Dokonała tego Pola Dwurnik, młoda malarka z Warszawy. Podobizny Wilhelma Sasnala, Rafała Bujnowskiego, Pawła Książka, Marcina Maciejowskiego, Jakuba Juliana Ziółkowskiego, Tomka Kowalskiego i Bartka Materki od dziś można oglądać w "Galerii Potockiej" w Niepołomicach.
- Anna Maria Potocka zaproponowała mi wykonanie kilku prac dla jej galerii. Chciała, żeby ich temat w jakiś sposób wiązał się z Krakowem. Pierwszym skojarzeniem, jakie mi się nasunęło, byli krakowscy artyści - tak swój pomysł wyjaśnia malarka.
Każdego twórcę Pola Dwurnik sportretowała albo na tle jego dzieła, albo z charakterystycznym dla niego przedmiotem. Następnie rysunki wkomponowała w odpowiednie ramki, dodała nominały
i podpisy, tworząc w ten sposób... projekty znaczków pocztowych o wymiarach 50 na 60 cm.
- Od najmłodszych lat zbieram różne druki urzędowe, kolekcjonuję też znaczki, pomyślałam więc, żeby jakoś przenieść tę pasję na swoje rysunki - mówi Dwurnik. Co ciekawe, malarze nie pozowali artystce w jej pracowni.
Dwurnik zdradza, że najtrudniej było jej się umówić z Sasnalem. - Kiedy rozmawialiśmy telefonicznie, powiedział, że oczywiście możemy się spotkać. Potem jednak cały czas okazywało się, że jest w podróży - opowiada malarka.
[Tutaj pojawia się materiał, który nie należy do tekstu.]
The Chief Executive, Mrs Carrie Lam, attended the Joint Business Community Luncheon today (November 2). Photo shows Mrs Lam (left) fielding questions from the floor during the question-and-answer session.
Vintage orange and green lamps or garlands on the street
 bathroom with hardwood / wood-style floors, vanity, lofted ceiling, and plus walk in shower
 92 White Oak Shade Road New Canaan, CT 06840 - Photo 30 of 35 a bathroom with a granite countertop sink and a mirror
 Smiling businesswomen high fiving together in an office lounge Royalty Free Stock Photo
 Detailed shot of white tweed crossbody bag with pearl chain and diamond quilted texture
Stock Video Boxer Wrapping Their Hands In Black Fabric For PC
Problemów za to nie miała z dostępnością Rafała Bujnowskiego. - Umówiliśmy się na Kazimierzu,
w "Kolorach". Przyszłam nieco wcześniej, żeby zjeść lunch. Zdziwiłam się, kiedy okazało się,
że Bujnowski też był przed czasem. Umówił się z pewnym znajomym. W ten sposób spokojnie sobie z nim gawędził, a ja robiłam mu zdjęcia. Był totalnie wyluzowany, palił papierosa, gestykulował. Taki zresztą jest na co dzień. Dlatego na moim rysunku też pali - opowiada Dwurnik.
Za to Sasnal na jej pracy nie oddaje się nałogowi. Za jego plecami widać natomiast lecącego
w nieznanym kierunku concorda, najczęściej pojawiający się w pracach artysty model samolotu.
- Wiem, że Willa te samoloty po prostu kręcą, dlatego naturalne dla mnie było wkomponowanie takiego elementu - opowiada Pola Dwurnik, dodając, że rysunek Sasnala był jednym
z najtrudniejszych, jakie do tej serii wykonała. - Miałam pewne problemy z okiełznaniem jego bujnych włosów - zwierza się artystka.
Mimo to portret powstał. Model nie miał jednak okazji jeszcze go sobie obejrzeć, podobnie zresztą jak i pozostali malarze.
- Chciałam, żeby efekt ostateczny był dla nich niespodzianką. Zapowiedzieli, że dziś pojawią się na wernisażu, więc zobaczą swoje podobizny - mówi malarka, która techniki wykonywania portretów opanowała dzięki swoim rodzicom, Teresie Gieżyńskiej i Edwardowi Dwurnikowi.
Zresztą ojciec do tej pory był też najczęstszym modelem Poli. I podobno nigdy się nie skarżył.
- Pozowali mi na zmianę, raz mama, innym razem znów tata. Ale ojciec miał zawsze więcej cierpliwości. W efekcie sportretowałam go już chyba tysiące razy, jednak tak tylko dla siebie. Nie zamierzam tych obrazów eksponować w galeriach - mówi malarka.
Tymczasem wystawę w "Galerii Potocka" oglądać będzie można do 31 stycznia. Towarzyszy jej oryginalny katalog, zawierający zminiaturyzowane portrety przedstawione na wzór zwykłych znaczków Poczty Polskiej.